> _Records for this task_
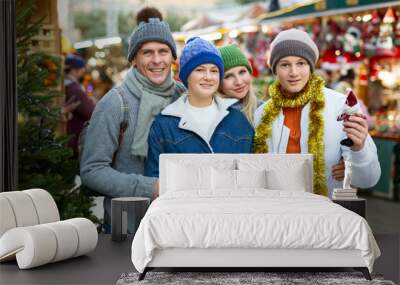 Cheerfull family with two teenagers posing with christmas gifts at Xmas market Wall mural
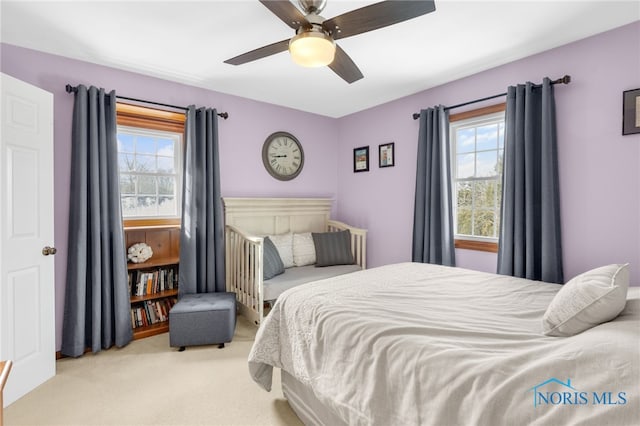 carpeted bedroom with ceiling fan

...

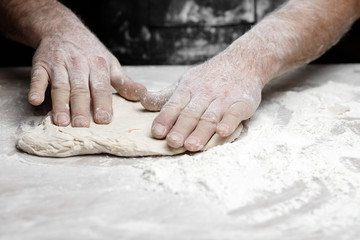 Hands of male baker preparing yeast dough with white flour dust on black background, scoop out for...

> _Assignment_
Return exactly the lines of the material above, starting at the line containing "Cheerfull family with" and finishing at the line containing "carpeted bedroom with ceiling fan", without any pictures.

> _Exercise response_
 Cheerfull family with two teenagers posing with christmas gifts at Xmas market Wall mural
 carpeted bedroom with ceiling fan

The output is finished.